Work order
Once the line with "ChatGPT Plus с" is found, write it out along with every line after it, exactly, up to the last line of the entries below. Exclude pictures.
--- --- ---
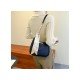  2024 Fashion PU Women's Shoulder Bags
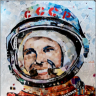 Gagarin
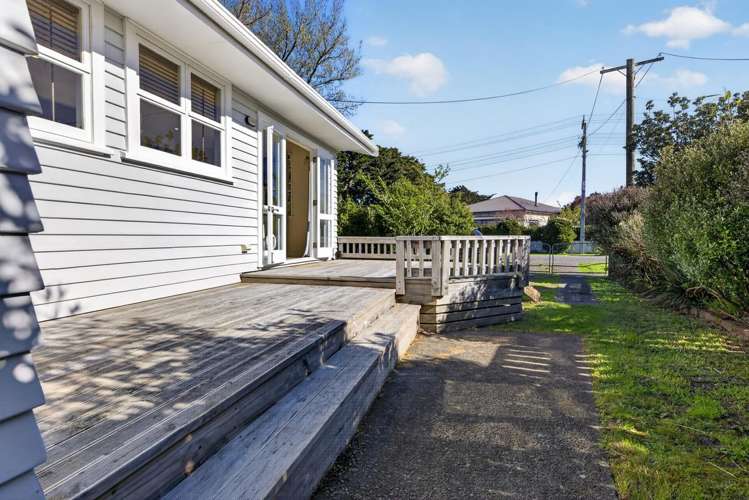 79 Woodward Street Featherston_8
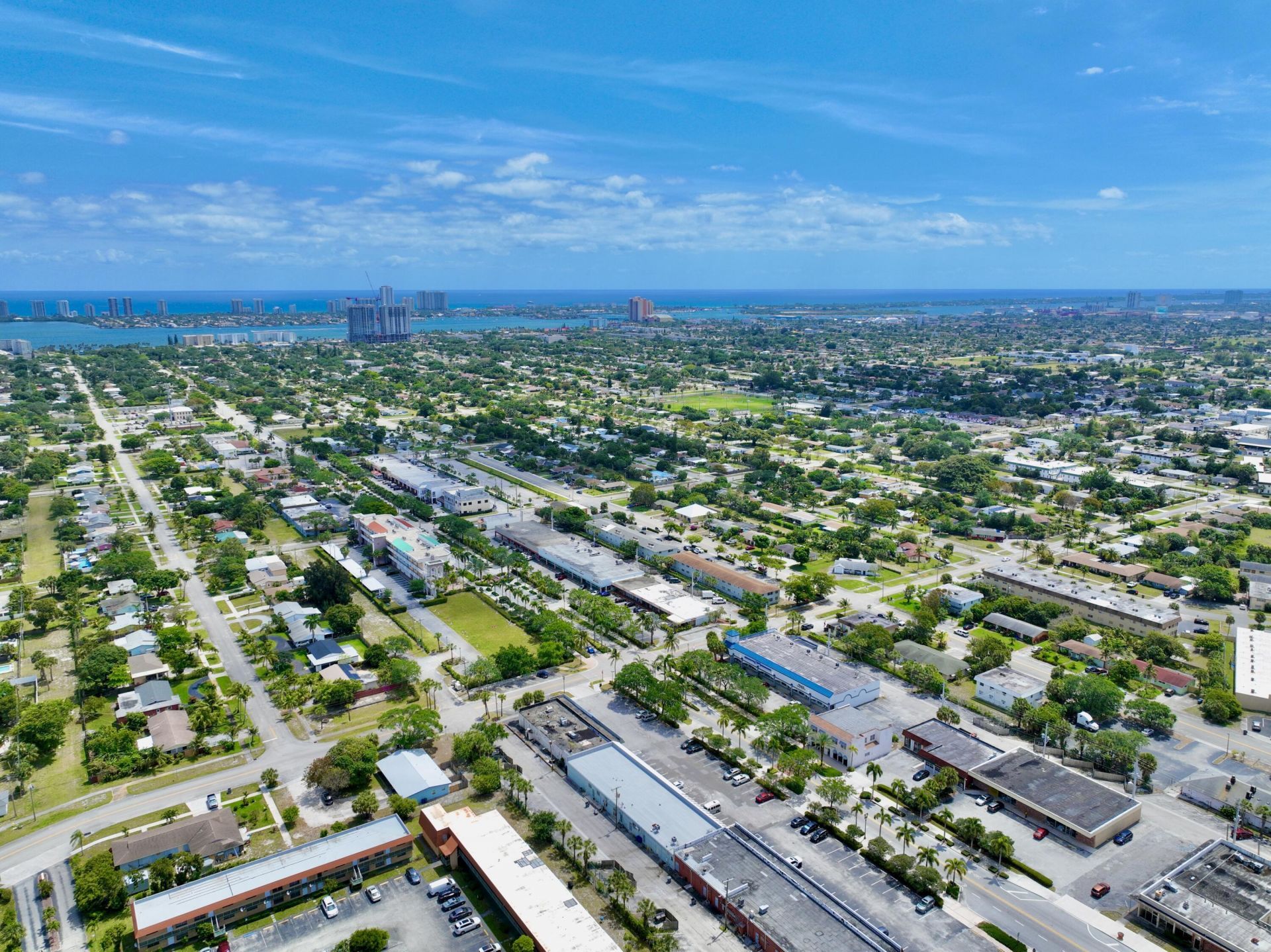 906 Foresteria Drive, Lake Park, FL 33403 Photo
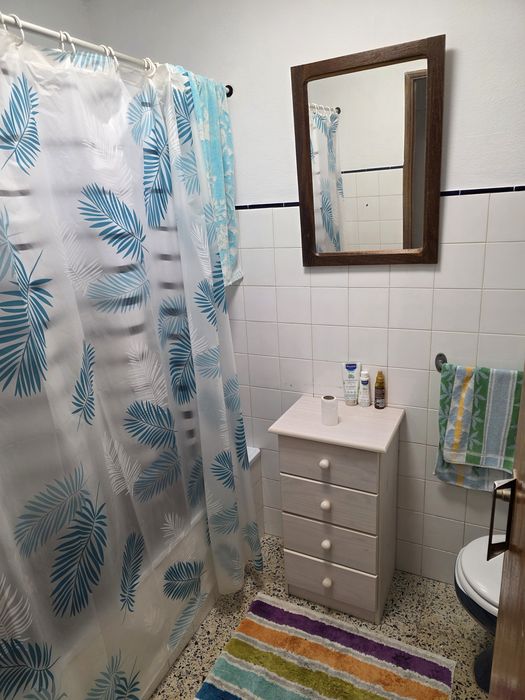 Aluga-se t3 em Vila Viçosa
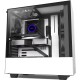 Tản nhiệt nước NZXT Kraken 120 - 120mm (RL-KR120-B1)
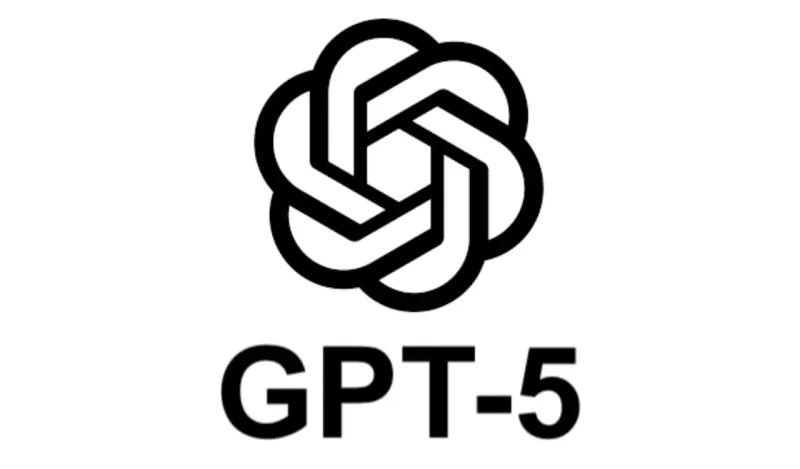 ChatGPT Plus с GPT-5 и Sora — общий аккаунт на месяц с выдачей логина и пароля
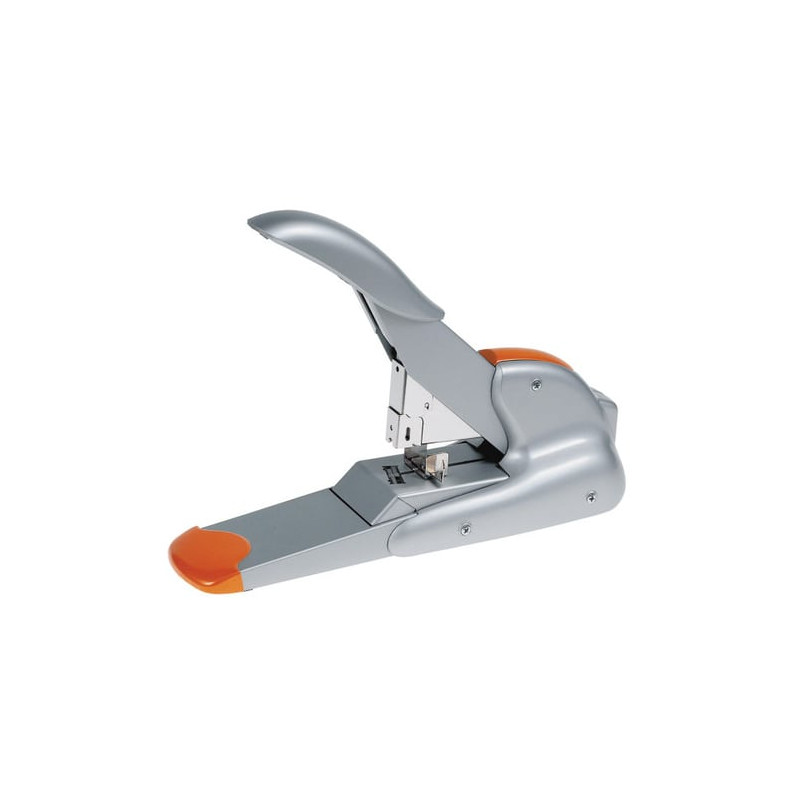 Cucitrice da tavolo rapi alti spessori duax [21698301]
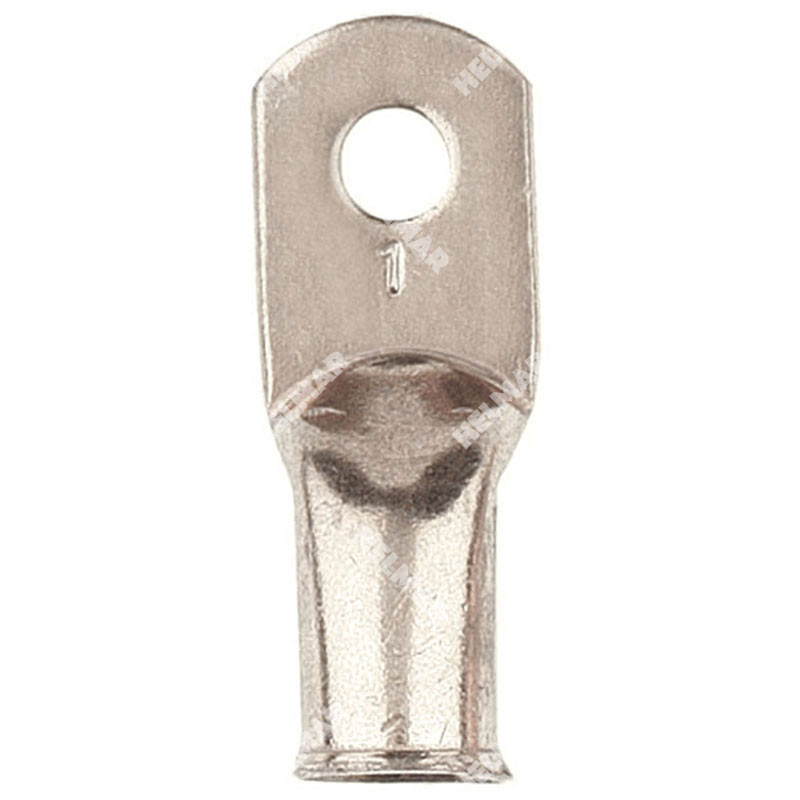 57036Z ZINC LUG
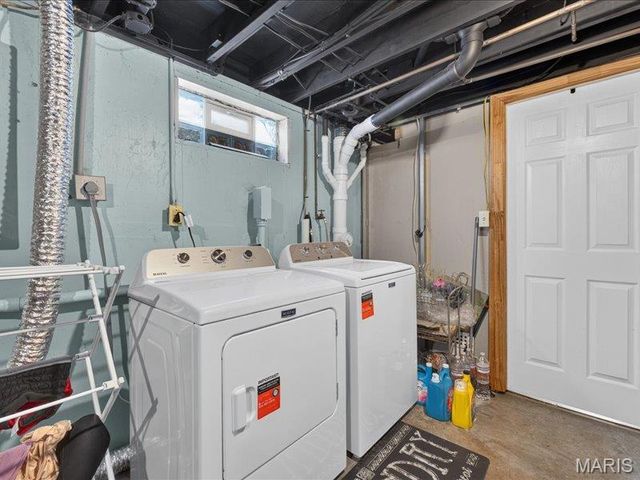 42 Villa Drive, Granite City, IL 62040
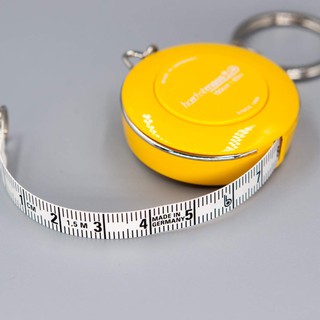 Mua Thước cuộn Hoechstmass 1.5M chính hãng của Đức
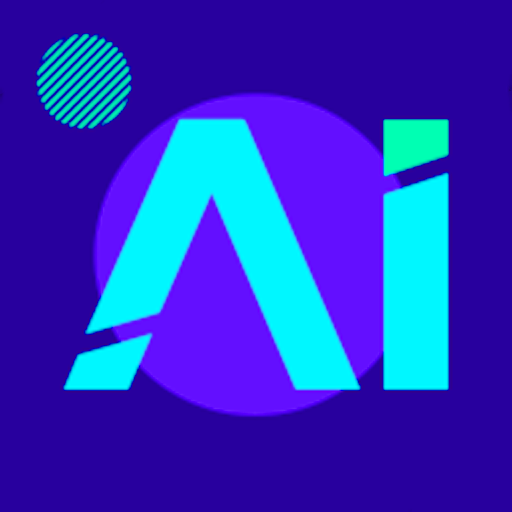OpenArt 截图：openart-icon
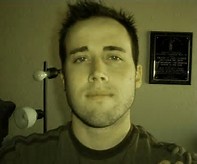 Travis Alexander Jodi Arias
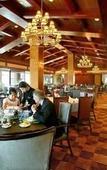 Туры в отель New Century Resort Qiandao Lake Hangzhou Туры в отель New Century Resort Qiandao Lake Hangzhou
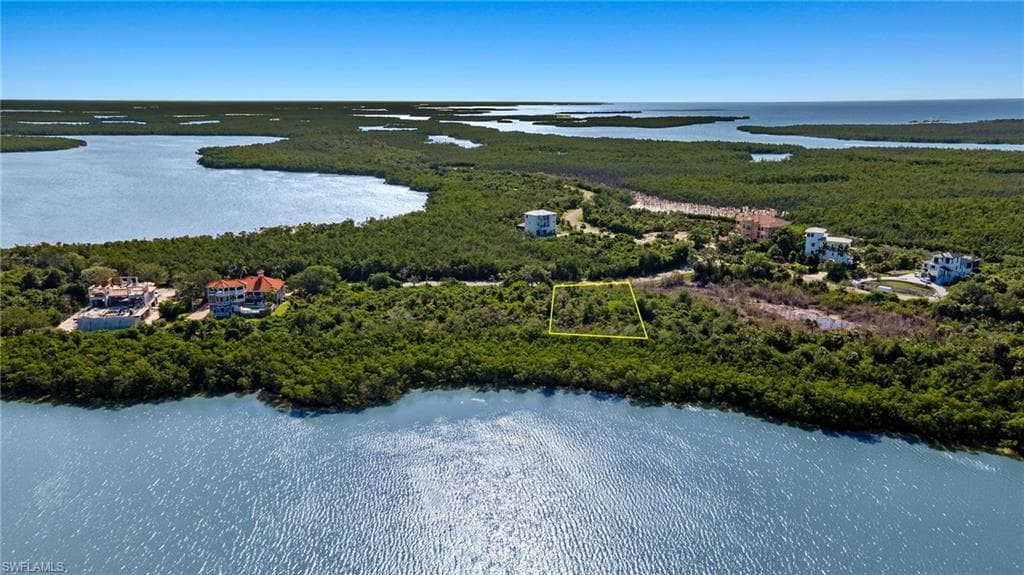 929 WHISKEY CREEK DR, MARCO ISLAND FL 34145-39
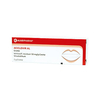 Aciclovir AL Creme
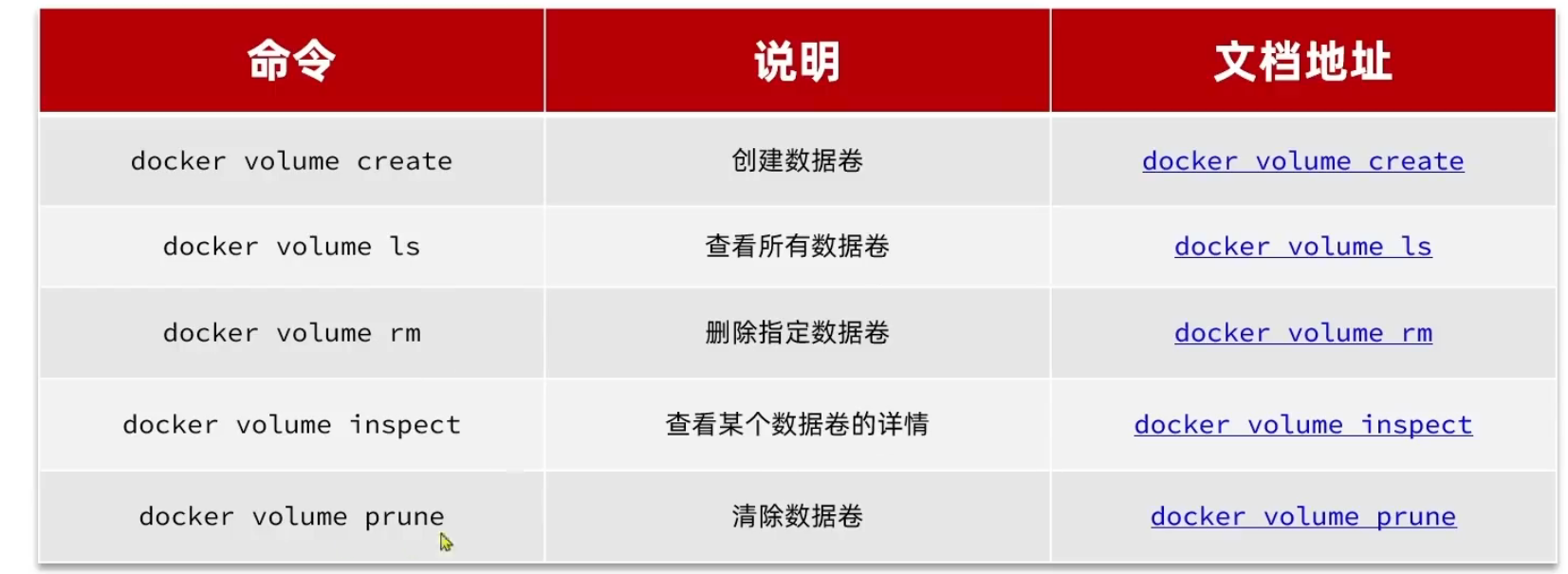 image-20240509215222819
--- --- ---
Reply
 ChatGPT Plus с GPT-5 и Sora — общий аккаунт на месяц с выдачей логина и пароля
 Cucitrice da tavolo rapi alti spessori duax [21698301]
 57036Z ZINC LUG
 42 Villa Drive, Granite City, IL 62040
 Mua Thước cuộn Hoechstmass 1.5M chính hãng của Đức
OpenArt 截图：openart-icon
 Travis Alexander Jodi Arias
 Туры в отель New Century Resort Qiandao Lake Hangzhou Туры в отель New Century Resort Qiandao Lake Hangzhou
 929 WHISKEY CREEK DR, MARCO ISLAND FL 34145-39
 Aciclovir AL Creme
 image-20240509215222819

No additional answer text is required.